Zanardi wird der mit Abstand älteste Pilot im Feld sein, wenn er am Samstag und Sonntag (jeweils 22.30 Uhr) im italienischen Misano bei den ersten Nachtrennen der DTM-Historie mitfährt. «Eigentlich ist da kein Platz für einen alten Sack wie mich, trotzdem klaue ich mir welchen», sagte er scherzhaft der «Sport Bild».

Durch einen Unfall auf dem Lausitzring 2001 verlor Zanardi beide Beine. Trotzdem fuhr er später wieder Autorennen in verschiedenen Serien, plant im kommenden Jahr einen Start beim 24-Stunden-Rennen in Daytona Beach. Auch neben dem Motorsport fordert er sich heraus. Im Paracycling gewann er bei den Paralympics in London und Rio de Janeiro insgesamt drei Mal Einzel-Gold und ein Mal im Team, auf einen weiteren Start bei den Spielen 2020 in Tokio hofft Zanardi.

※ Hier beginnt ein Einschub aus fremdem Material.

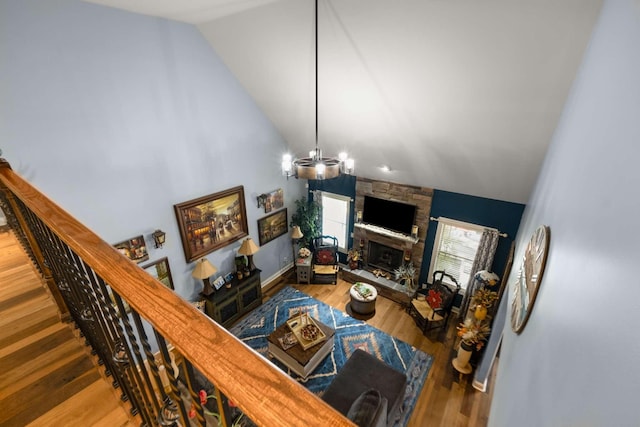 5000 Moretto Ct, Spring Hill, TN 37174 - living area with baseboards, a stone fireplace, wood finished floors, and high vaulted ceiling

Für viele ist der Italiener ein Vorbild in Sachen Lebensmut. «Meine Geschichte ist ein Beweis dafür: Das Leben ist nie zu 100 Prozent gut oder zu 100 Prozent schlecht», sagte er einmal. «Man sollte immer nur jeden einzelnen Tag als Gelegenheit sehen, etwas zu erreichen.»

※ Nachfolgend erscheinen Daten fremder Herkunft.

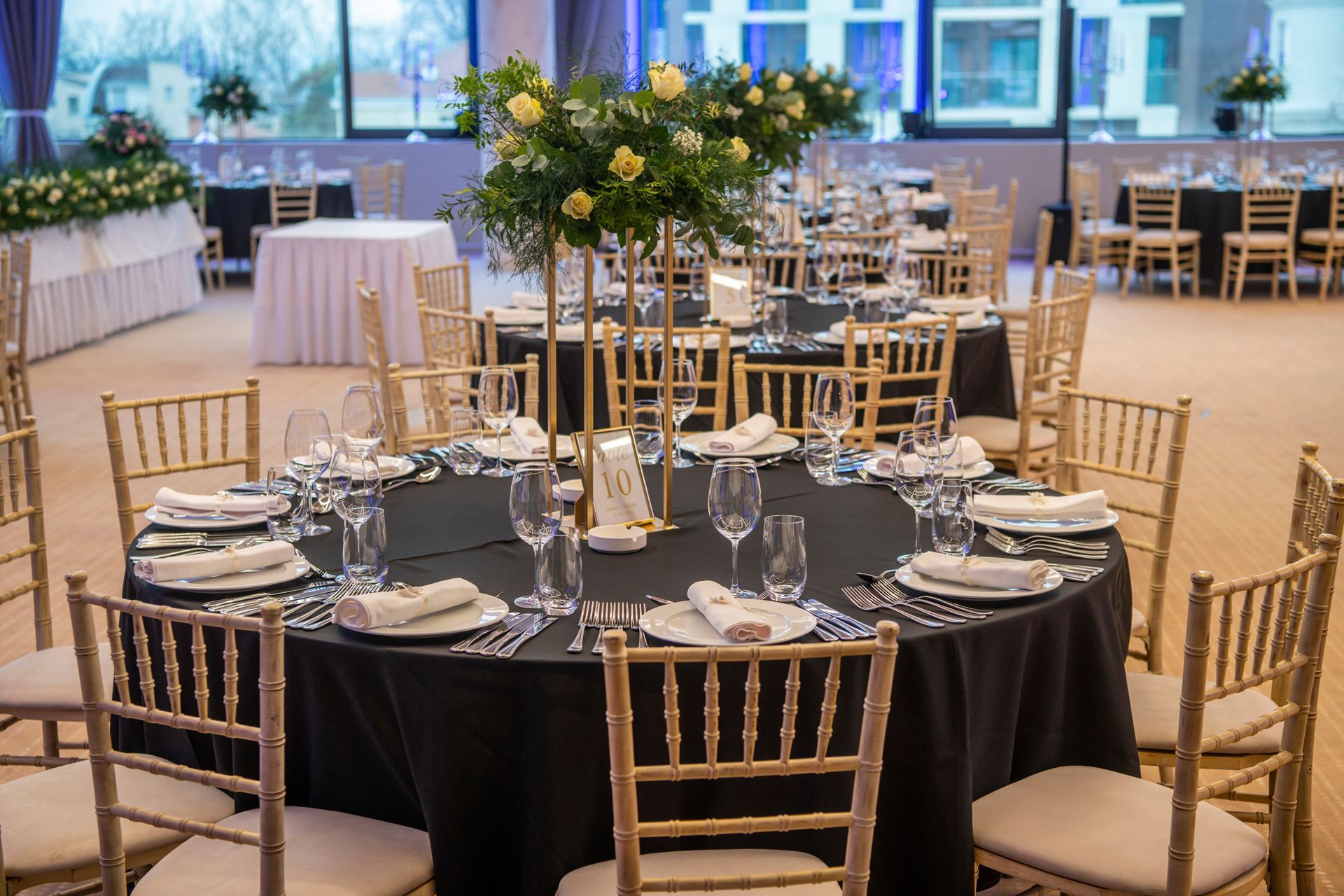 A large room with tables and chairs set up for a wedding reception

In Misano sitzt er in einem speziell für ihn umgebauten Wagen, wenn er erstmals DTM-Rennen bestreiten wird. Bein-Prothesen braucht er anders als bei bisherigen Motorsport-Einsätzen seit seinem Unfall nicht, bremsen kann der Italiener jetzt mit der Hand. Dabei muss Zanardi BMW-Angaben zufolge jedes Mal bis zu 65 Kilo wegdrücken. «Ich muss tatsächlich einiges an Druck generieren, aber meine Arme sind stark genug, dies zu tun – und um es in der folgenden Runde wieder zu tun.» Helfen werde ihm dabei das Handbike-Training.

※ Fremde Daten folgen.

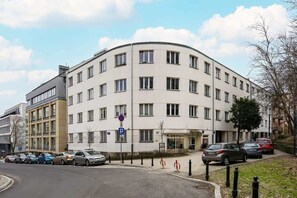 The exterior of a classic apartment building with curved architecture and a quiet street.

Zanardi ist der spektakulärste DTM-Gastfahrer in diesem Jahr. Die Teilnehmer der Rennserie, BMW, Mercedes und Audi, dürfen in dieser Saison jeweils an einem Rennwochenende einen Gast starten lassen.

Punkte holen können sie zwar nicht, für die Meisterwertung sind diese Starter somit unwichtig. Doch zumindest aus PR-Sicht und bei der Fan-Pflege interessieren diese Maßnahmen. Audi ließ gleich zum Auftakt in Hockenheim seinen langjährigen Piloten Mattias Ekström hinters Steuer und verschaffte dem Schweden so einen prominenten Ausstand. Mercedes wird am vorletzten Wochenende der Saison Ende September im österreichischen Spielberg dem fünfmaligen Rallye-Weltmeister Sébastien Ogier ein Cockpit bereitstellen.

Zusätzliche Aufmerksamkeit kann die DTM gut gebrauchen. Weil Mercedes nach der Saison aussteigt und noch kein Nachfolger feststeht, ist die Zukunft der Serie weiter offen. Dabei hofft DTM-Chef Gerhard Berger, die Serie künftig internationaler positionieren zu können, wenn sie denn bestehen bleibt.

Abseits der Zanardi-Gastfahrten wird am Wochenende an der Adriaküste der britische Mercedes-Pilot Gary Paffett (37) versuchen, seinen Vorsprung in der Meisterschaft zu halten oder sogar auszubauen. Ausgerechnet DTM-Aussteiger Mercedes dominiert die Saison bislang. Und Paffett, in Misano hinter Zanardi zweitältester DTM-Pilot, liegt bereits 29 Punkte vor Platz zwei, auf dem sein Markenkollege Paul Di Resta steht. Sollte Paffett an den restlichen vier DTM-Wochenenden in diesem Jahr konstant in die Punkte fahren, ist ihm sein erster Titel seit 2005 kaum noch zu nehmen.